Harry Redknapp is here to stay, he says, though doubts remain over that. He has been in the job since November with no change in fortune resulting. Rangers have spent the season in the bottom three. Glimmers of safety have always been darkened by error after mistake after pratfall. Things were probably worse under Mark Hughes - at least they have since won matches - but Rangers are still being relegated.

If one player symbolises QPR's downfall, it is Jose Bosingwa, the hated and feted giggler of the Madejski Stadium. A year ago next Sunday, he played all 120 minutes as Chelsea won the Champions League. He will celebrate that anniversary with relegation long decided, and as the number one target of fans' ire. "Jose Bosingwa, we don't want you here," sang Rs fans. As ever, Beach Boys Sloop John B was the chosen anthem of terrace abuse.

"Harry, Harry, take 'im off," rang out too, after he had committed the second of two glaring errors. The first was the tugging of Hatem Ben Arfa's shirt, an especially silly move in the light of Lee Probert's earlier penalty award for a similar offence.
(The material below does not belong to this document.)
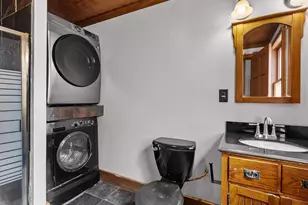 1121 Millersville Ave, Howards Grove, WI 53083 - Photo 9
Mathieu Debuchy's slight gripping of Junior Hoilett led to Loic Remy putting Rangers ahead from the spot.

Ben Arfa's powerful penalty restored Geordie spirits when their team had previously produced little of worth. "We were almost playing with a noose around our neck, very tense and very tight," Pardew admitted.

Bosingwa was soon along to soothe them once more. The slackness of his backpass to Rob Green allowed Jonas Gutierrez to block the ball into the path of Yoan Gouffran, who passed into an empty net. That Bosingwa - two years left on his contract - was subbed at half-time was perhaps the least surprising switch of the season. "It wasn't going to help anybody, was it?" Redknapp noted.

Expensive, feckless and dangerous to have around, Rangers could be stuck with the Portuguese man of poor for some time yet and there are 24 other players who remain in contract too.

"If you kept that team next season, you wouldn't finish in the top half of the Championship," Redknapp said, offering a brutal assessment of the future. "That's a fact. You have to get rid of people to get people in, and it's going to be a very difficult job."

Rob Green showed solidarity in slackness when being penalised for picking up a backpass. This time, Rangers escaped, but here was evidence that guilt should extend further than Bosingwa's narrow shoulders. No-one is truly innocent.

Rangers playing without pressure had been considered a wild card to trip up a Newcastle team bereft of confidence, but their spirits are even more brittle than their visitors'. Hoilett represented continuing danger, as did Townsend, but Coloccini led a successful rearguard fight against relegation. In these days of regime change among even the Premier League's leading lights, Alan Pardew perhaps might be getting concerned. A team that finished fifth last season is on course to finish eighth-bottom in this. Newcastle have survived but their sole source of celebration has been safety.